• _Exercise_
When you reach the line containing "Obraz na płótnie", repeat that line and each one after it exactly until the records end, leaving out pictures.

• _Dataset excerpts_
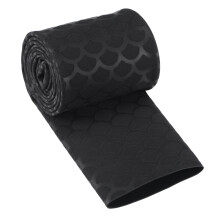 Unifizz Heat Shrink Wrap Tubing for Fishing Rod Grips Handle 40mm Dia 63mm Flat Width 2:1 Ratio Shrinkable Tube Cable Sleeve 3.3ft - Black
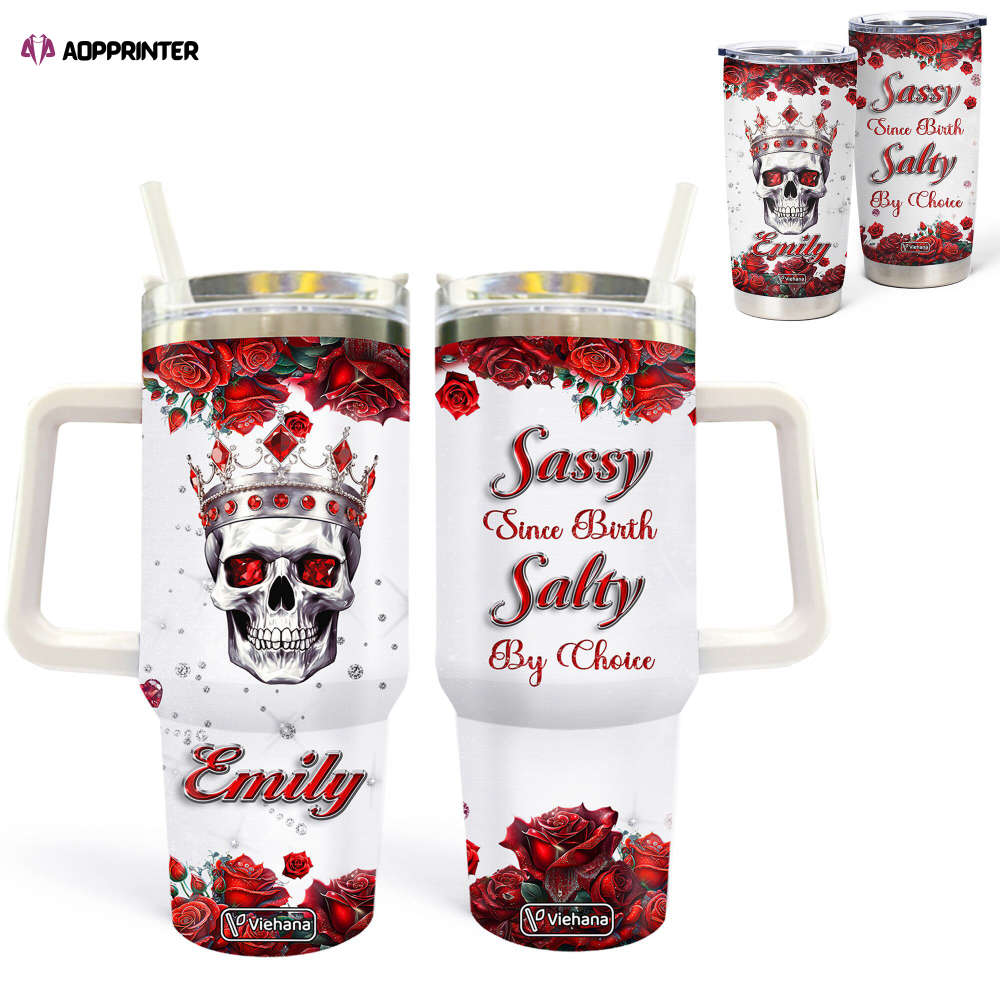 Personalized Sugar Skull Coffee Tumbler: 40oz 30oz 20oz Sizes Jewelry for Women – Mexican Sugar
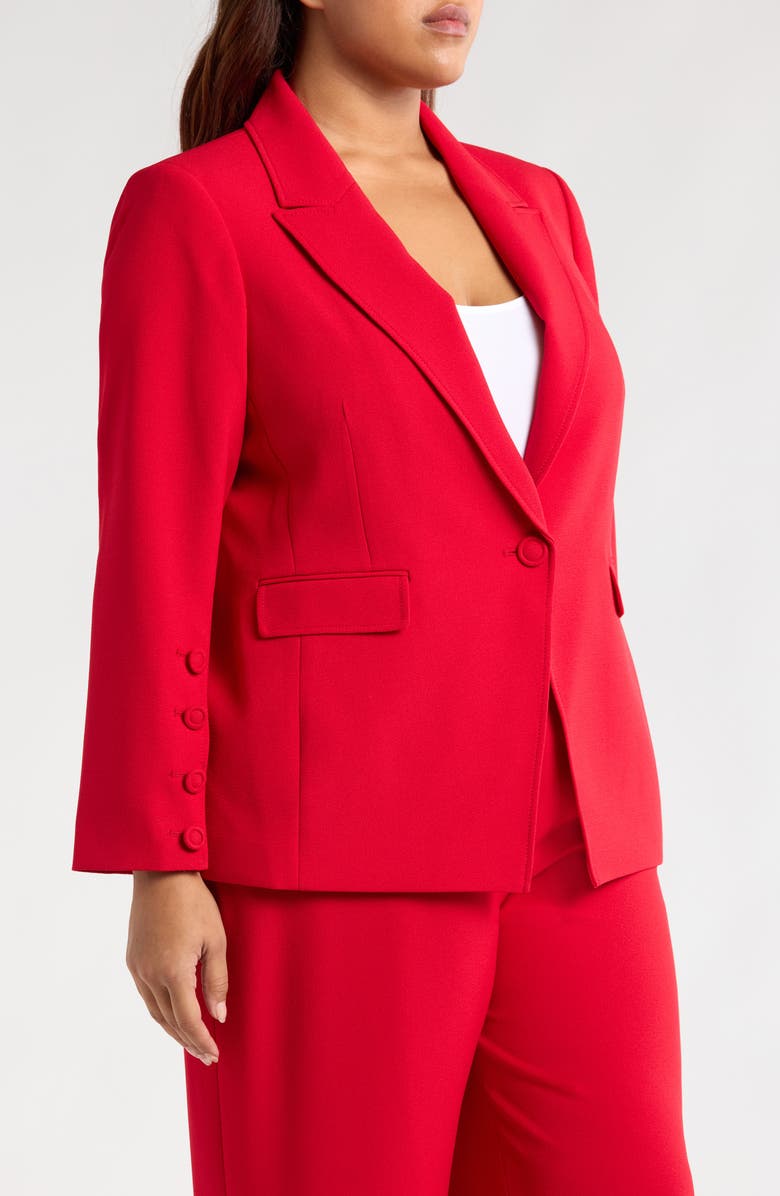 Tahari ASL One-Button Blazer, Alternate, color, Lipstick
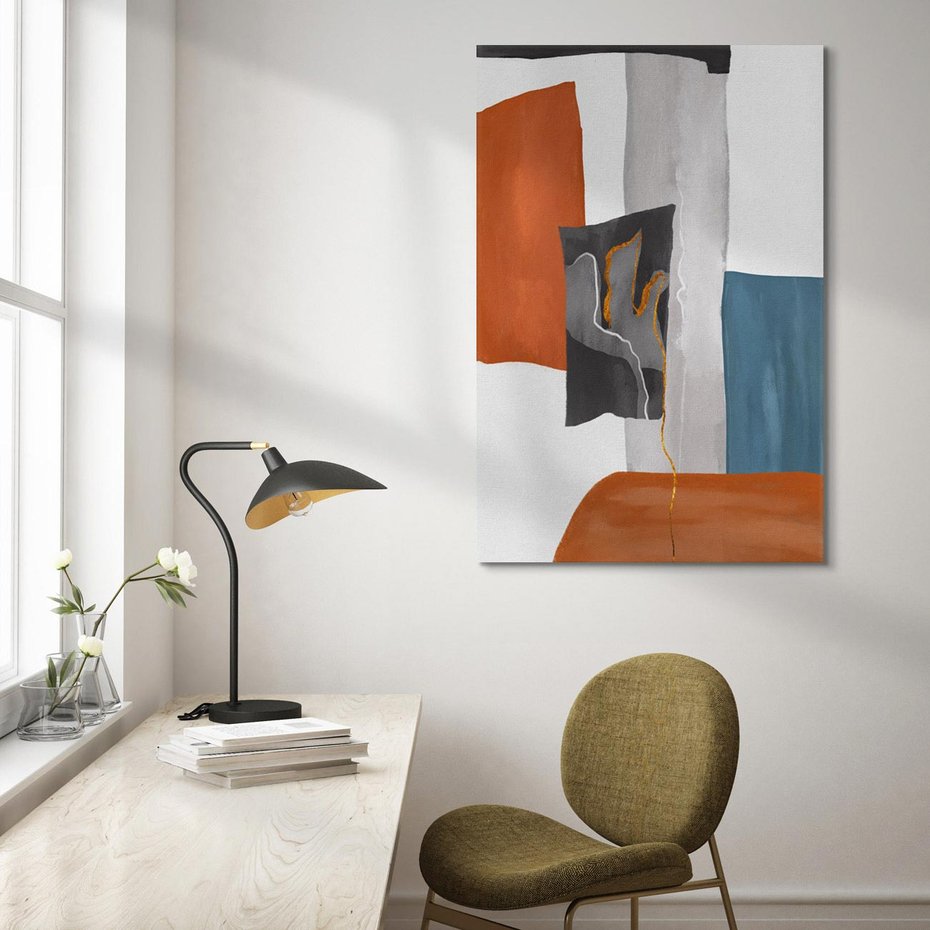 Obraz na płótnie 70x100 - Nowoczesna geometria - nowoczesny, geometryczny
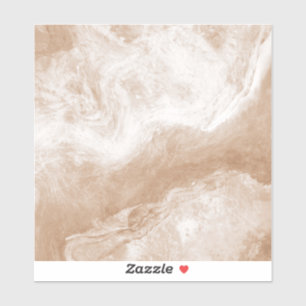 Sticker Marbre blanc Brown Tan Beige Imprimer Carrelage en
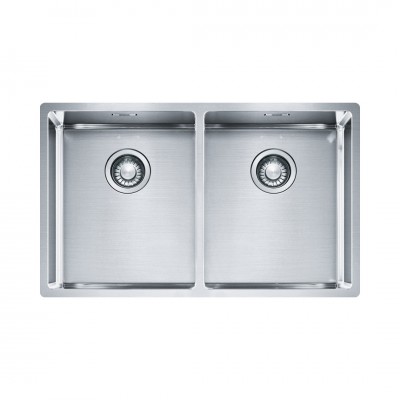 Franke Box BXX 220/120 34-34 zlewozmywak stalowy 74x45 cm jedwab 127.0370.188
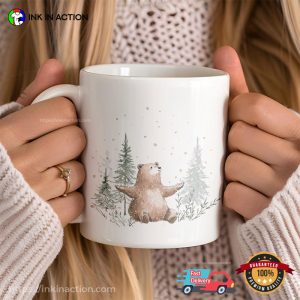 Snowy Winter Bear Ceramic Mug 3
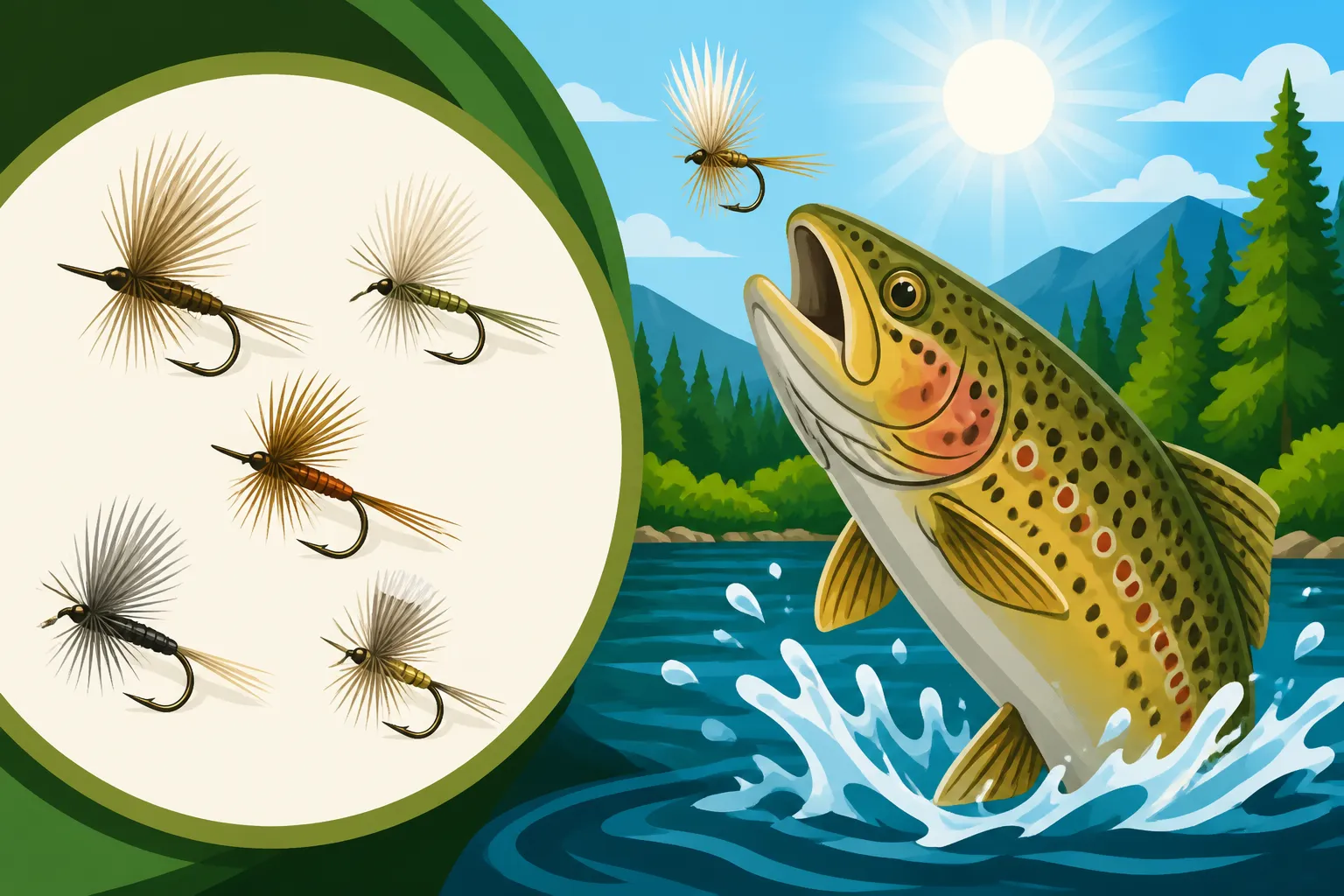 Best dry fly patterns for summer trout hatches
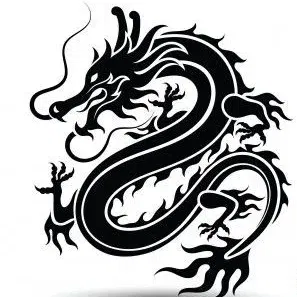 Đĩa lót ly hình rồng đơn giản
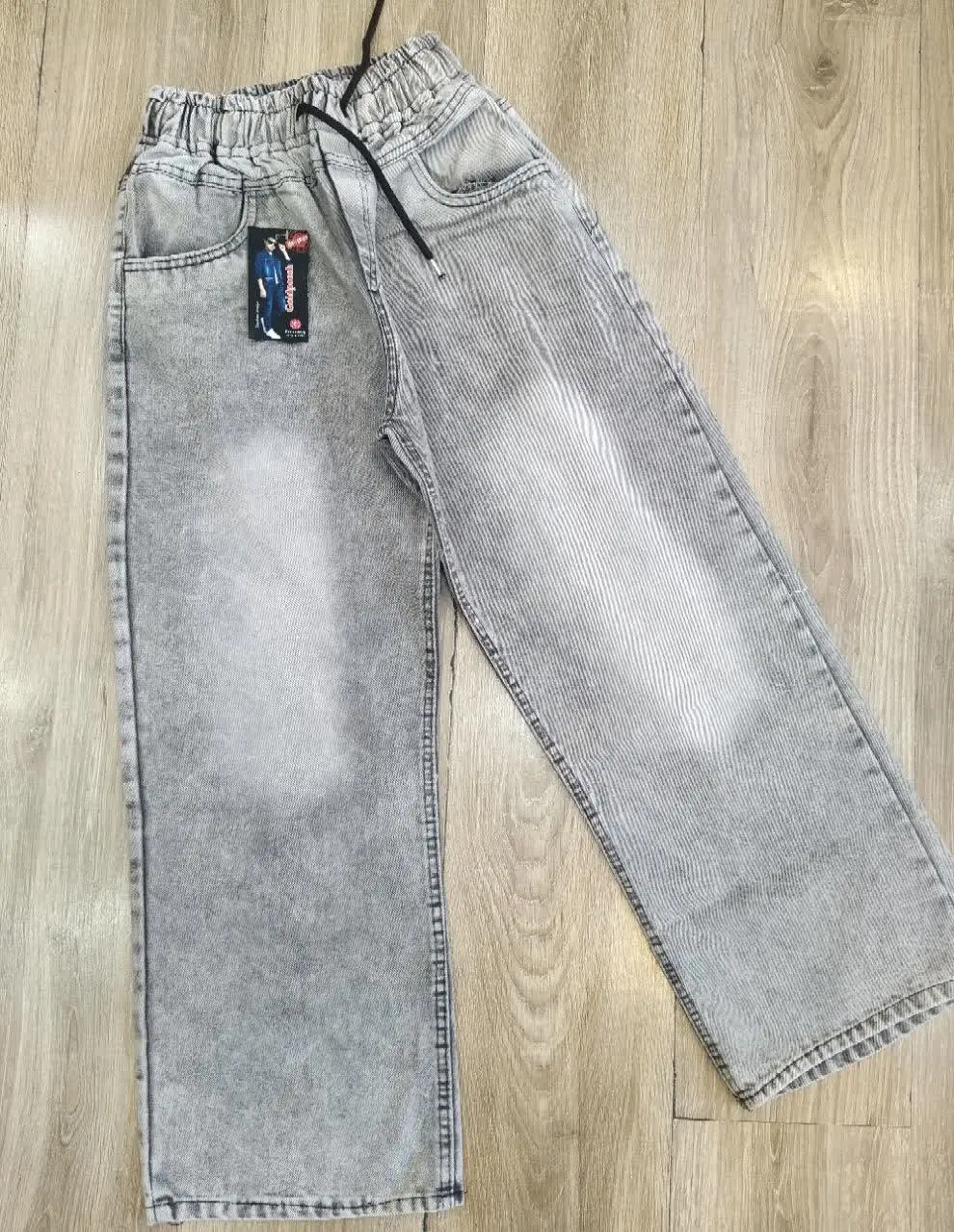 Ⓜ️شلوار لی بگ اسپرت شیک و ل...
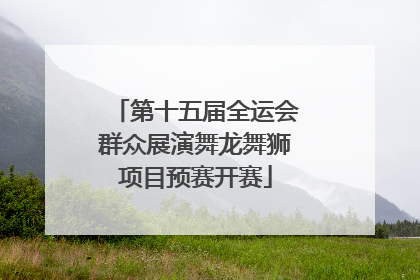 第十五届全运会群众展演舞龙舞狮项目预赛开赛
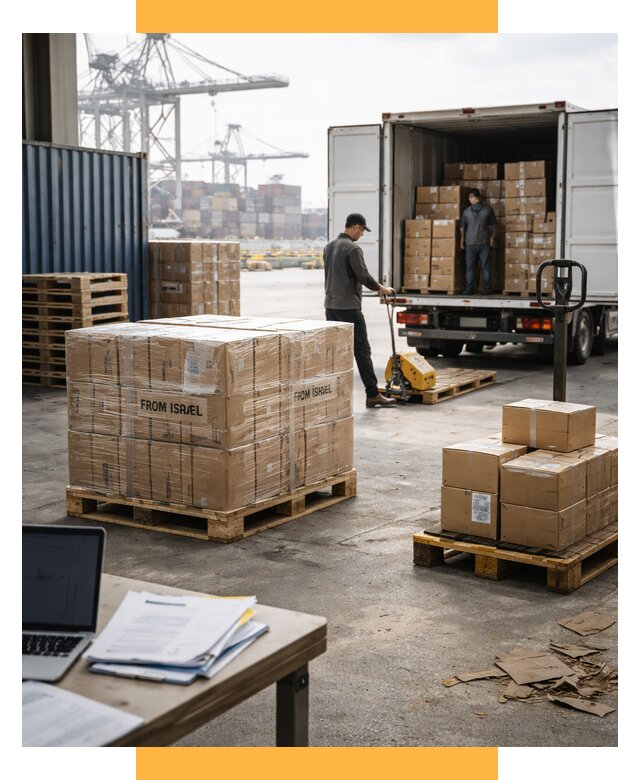 Доставка грузов из Израиля от 15276 р., логистика от СетСервис-Звл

• _Written answer_
 Obraz na płótnie 70x100 - Nowoczesna geometria - nowoczesny, geometryczny
 Sticker Marbre blanc Brown Tan Beige Imprimer Carrelage en
 Franke Box BXX 220/120 34-34 zlewozmywak stalowy 74x45 cm jedwab 127.0370.188
 Snowy Winter Bear Ceramic Mug 3
 Best dry fly patterns for summer trout hatches
 Đĩa lót ly hình rồng đơn giản
 Ⓜ️شلوار لی بگ اسپرت شیک و ل...
 第十五届全运会群众展演舞龙舞狮项目预赛开赛
 Доставка грузов из Израиля от 15276 р., логистика от СетСервис-Звл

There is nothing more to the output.